Comment of the Day: ExxonMobil Takes the Forest

COMMENT OF THE DAY: EXXONMOBIL TAKES THE FOREST “[It’s] awesome, but I thought the era of building suburban office campuses was close to gone. Not anymore, I guess. Just goes to show that there is still plenty a land for Houston to sprawl, and this illustrates no signs of slowing down. God that third outerbelt is just going to catalyze more of this crap (albeit ExxonMobil’s campus is pretty crap). I mean, if ExxonMobil really wanted to, they could’ve revitalized an entire swath of area in one of many industrial parts of Houston. No, but instead of utilizing an area that could be purposeful, they chose to destroy the environment. Yeah, Houston’s forests in the north are what keeps the area looking bad, but just a few more decades of this, and there will be nothing left to conceal this disgusting sprawl.” [Carlos, commenting on Welcome to the Land of ExxonMobil: A Tour of the Company’s New North Houston Campus]

31 Comment

  • Seriously?! “Revitalizing an industrial area” = moving to a part of town the city has already demonstrated a lack of concern for. Have you ever been East of Downtown? Making your employees drive through panhandlers and passed out bums is not a great way to attract talent. God bless sprawl – it makes Houston unique!

  • There are way too many people in Houston now who are so full of themselves, their heads about to explode with feelings of self righteousness about how green they are, how they live in a small old bungalow they saved from destruction, how they take public transportation, or drive a Prius, how Houston should be like NY, or LA, how they only eat local organic food only etc…they think if its not in the loop its dead to them, and if its not their exact vision of a perfect building then its some generic suburban sprawl. They despise everything new and degrade it is a Mc. (fill in the blank)development. Corporations and profit are evil and only the government , and conveniently themselves, know best.
    Thankfully these snobs are not the majority in Houston yet, though as their utopias such as LA, NY, Chicago, and Detroit all fail they bring their same failed ideas with them as they flock to the few places that have managed to keep them out long enough to still actually have a functioning economy….

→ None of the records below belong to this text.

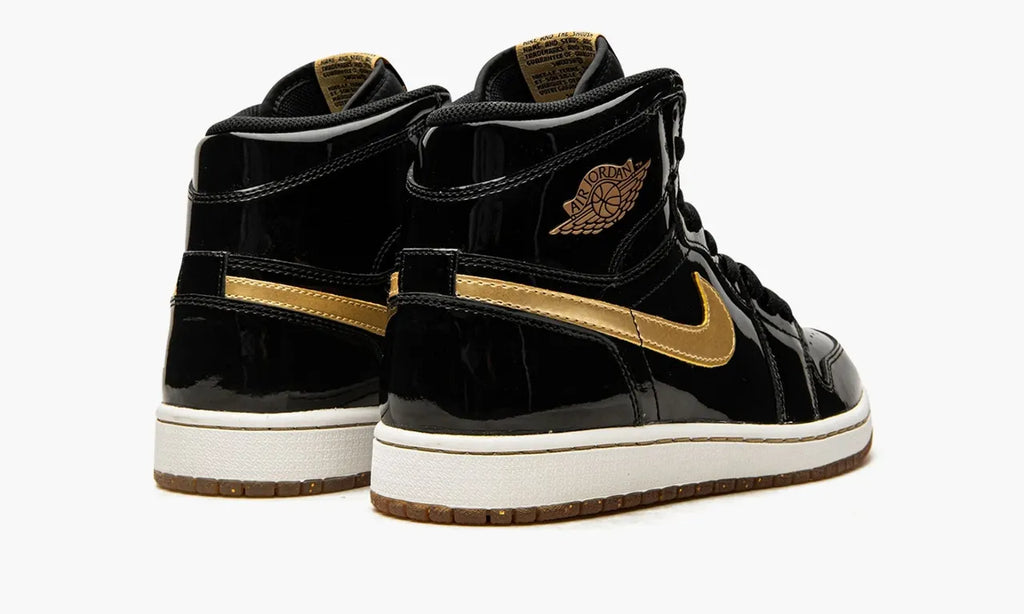 Air Jordan 1 High Retro Black Metallic Gold: 1st Choice for Luxury Style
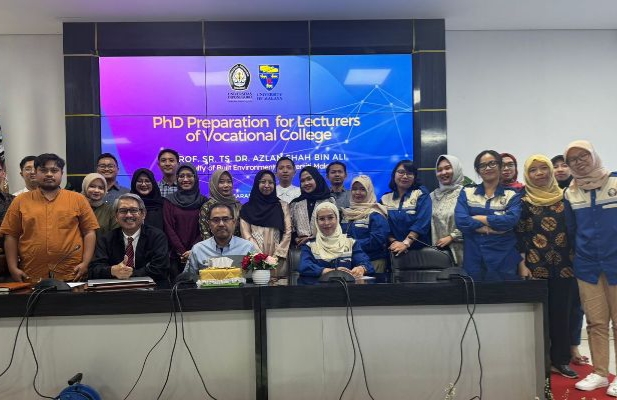 Sekolah Vokasi Undip Dorong Dosen Studi Lanjut, Tingkatkan SDM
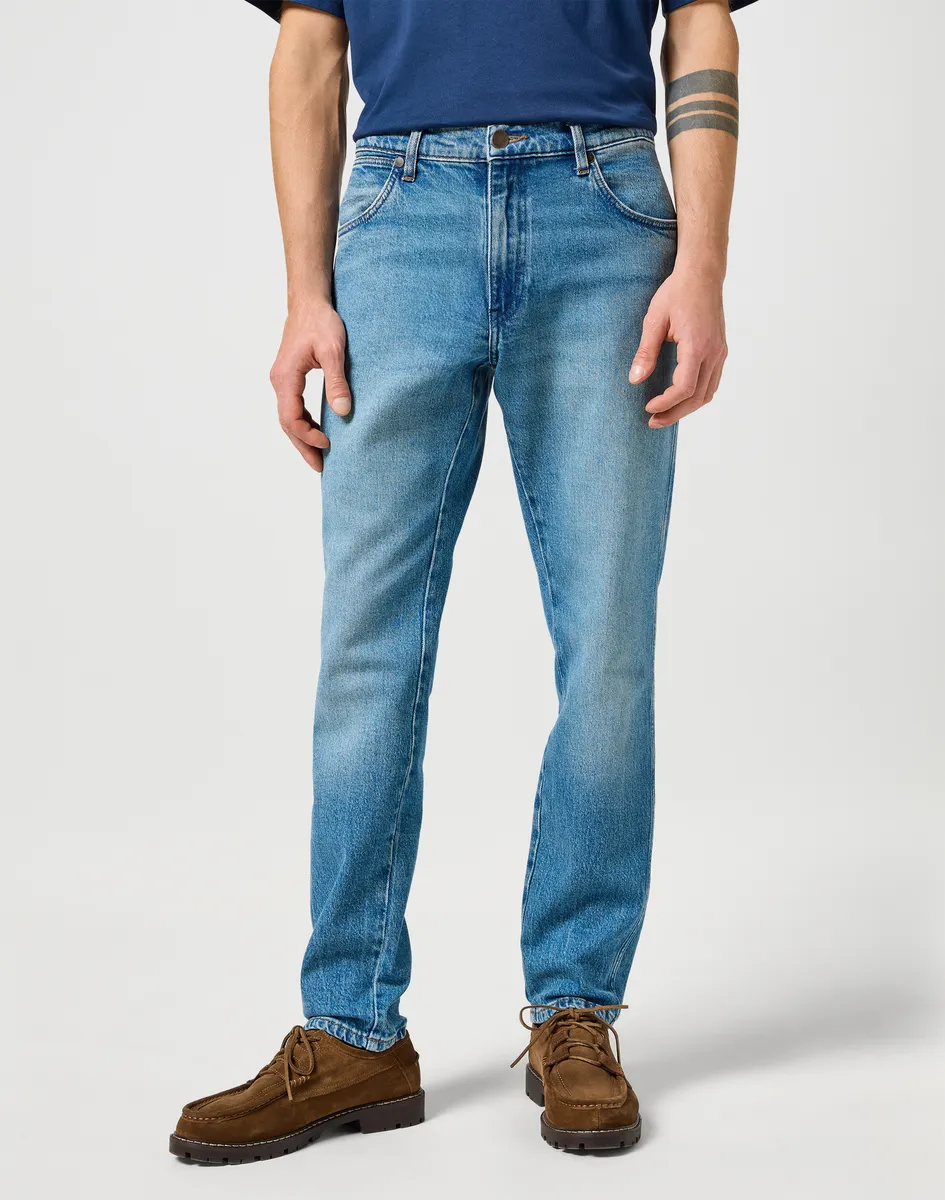 

Джинсы Wrangler с 5 карманами "River FREE TO STRETCH", стандартный крой, цвет Chante
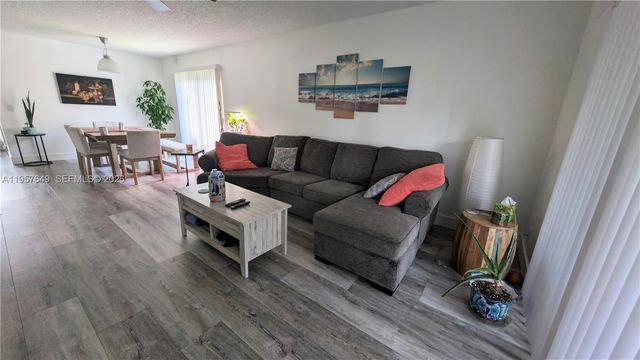 369 Lakeview Dr 101, Weston, FL 33326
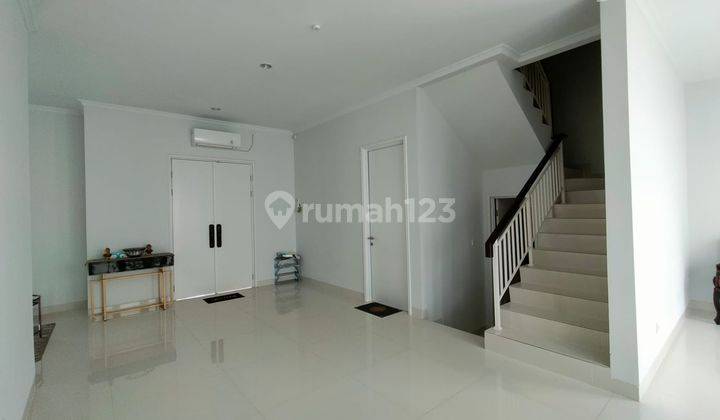 Pasadena Full Furnished 4KT Hadap Selatan Mewah Rapi Siap Huni Gading Serpong 2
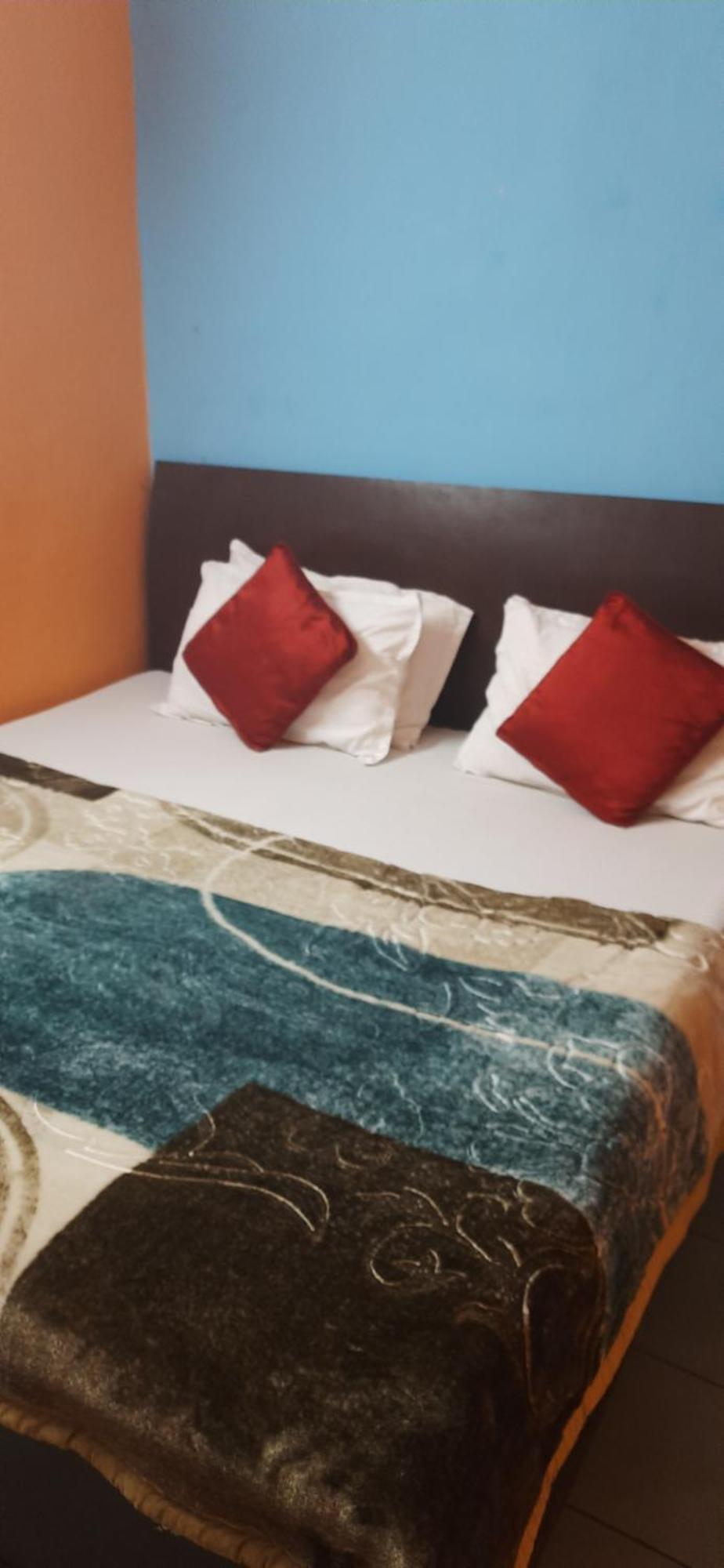 Hotel Golden Height Chandīgarh Zewnętrze zdjęcie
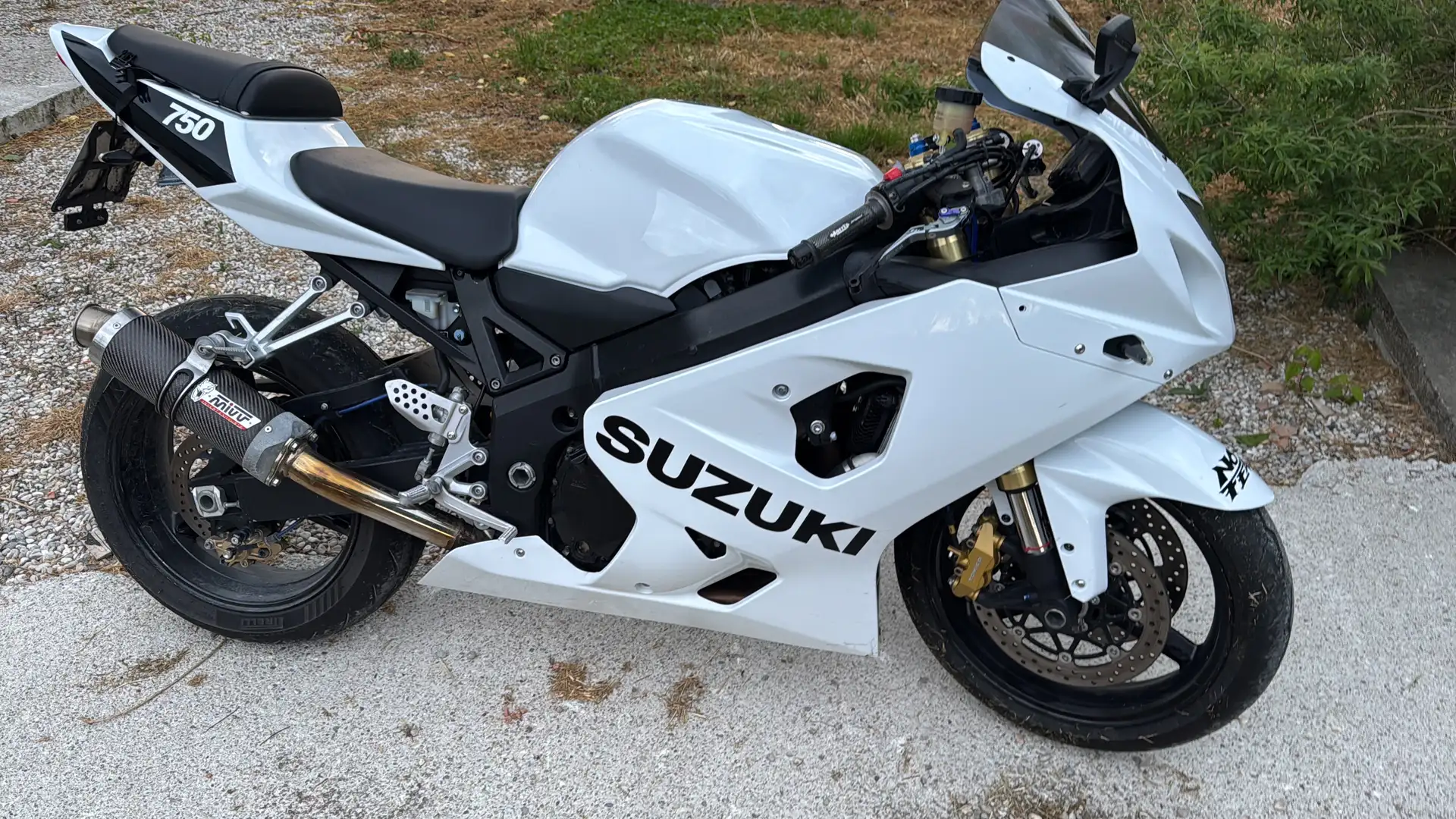 Suzuki GSX-R 750 Bianco - 2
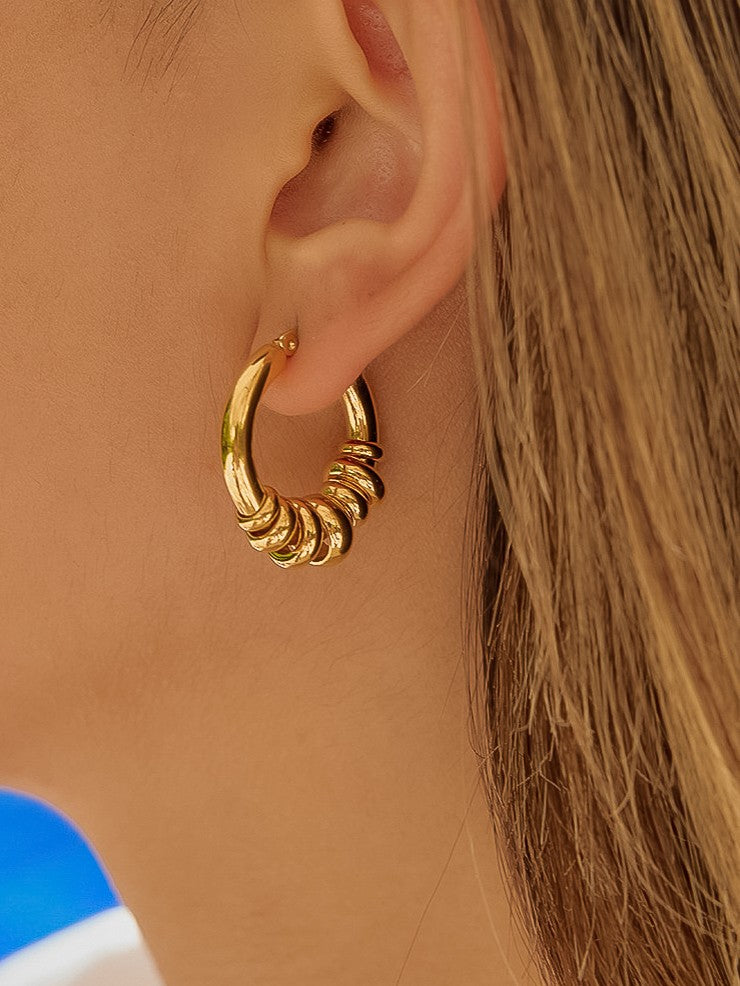 The ‘Novine Two Tone Hoop Earrings’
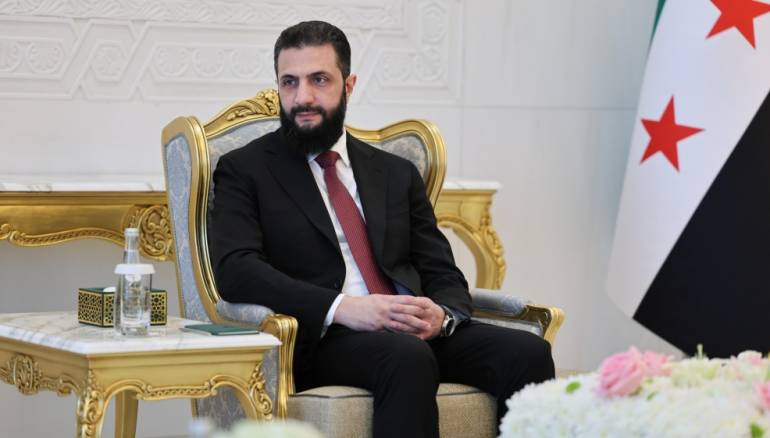الرئيس أحمد الشرع يعتذر لأهالي دير الزور عن تصريحات والده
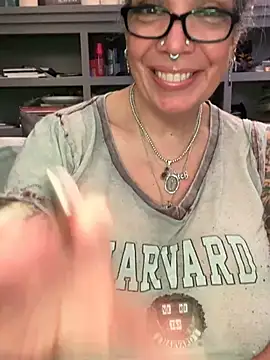 dieseldame1313 webcam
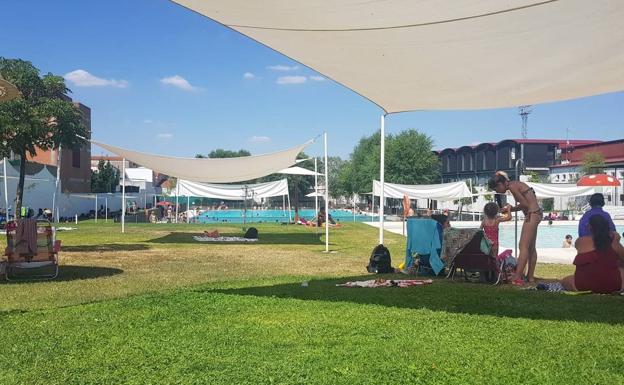 Los arroyanos combaten el calor en la piscina municipal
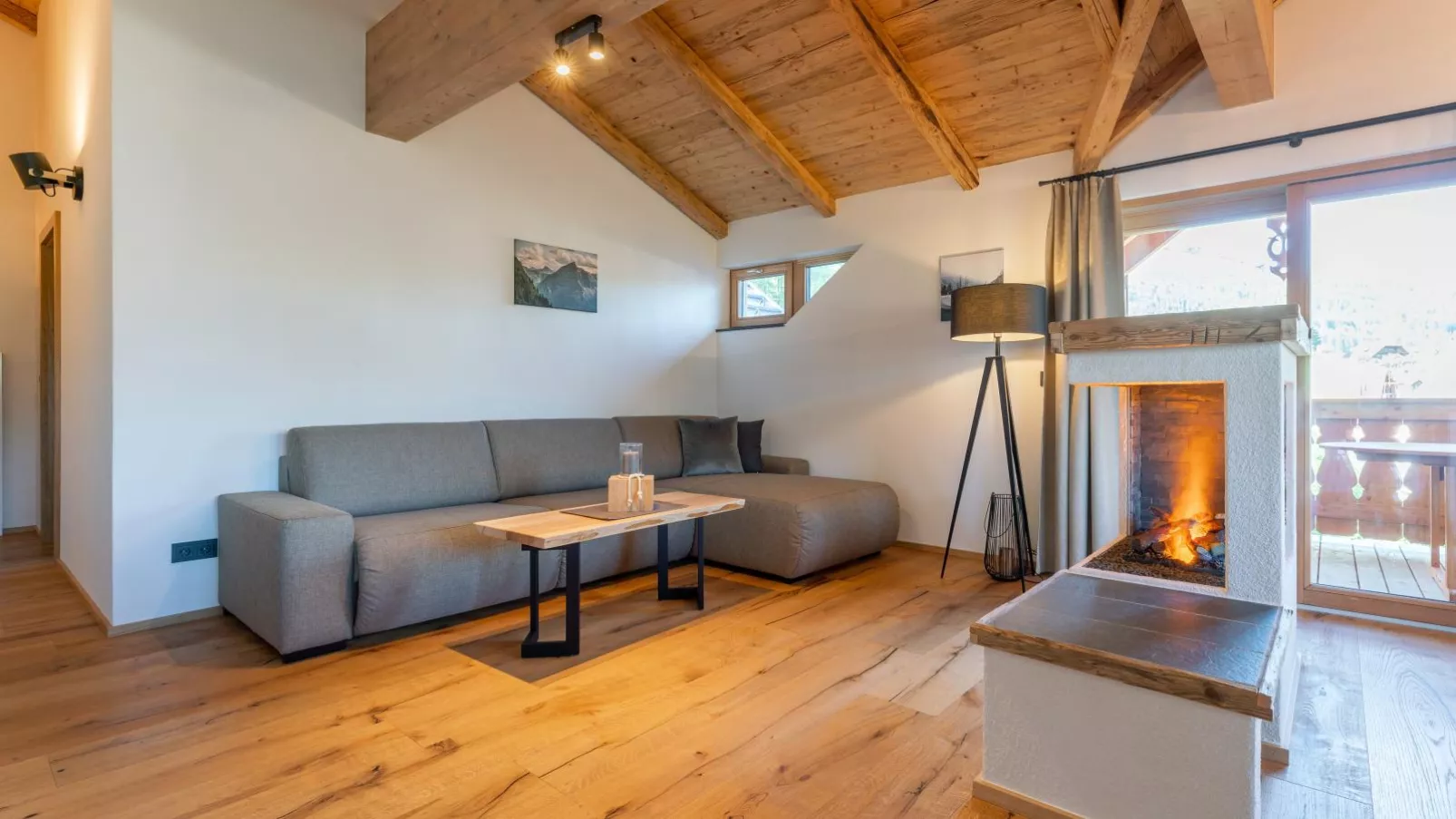 AlmApARTment Mauterndorf Pichl 9-4-Living room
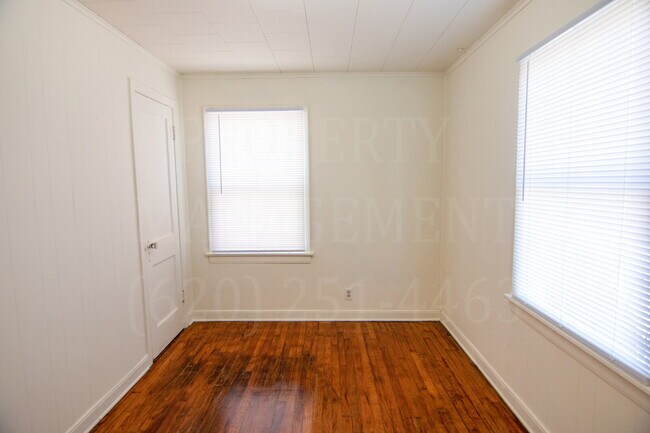 Building Photo - 2 Bedroom 1 Bath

  • You don’t have to go “East of Downtown” to “drive through panhandlers and passed out bums”, you can find that most anywhere in town.

  • Scott… You got it. This concept of revitalization is not the answer to every question. How about bulldozing the industrial area and bring the trees back to downtown so the panhandlers have some shade. This way they can continue to bath in the fountains and defecate in the doorways of businesses.

  • Third Ward is NOT for sale.

  • In a just world, ExxonMobil would have to put its new campus on a superfund site near one of its ship channel refineries so they would both clean up an oil industry mess and fully understand the environmental impact of their product.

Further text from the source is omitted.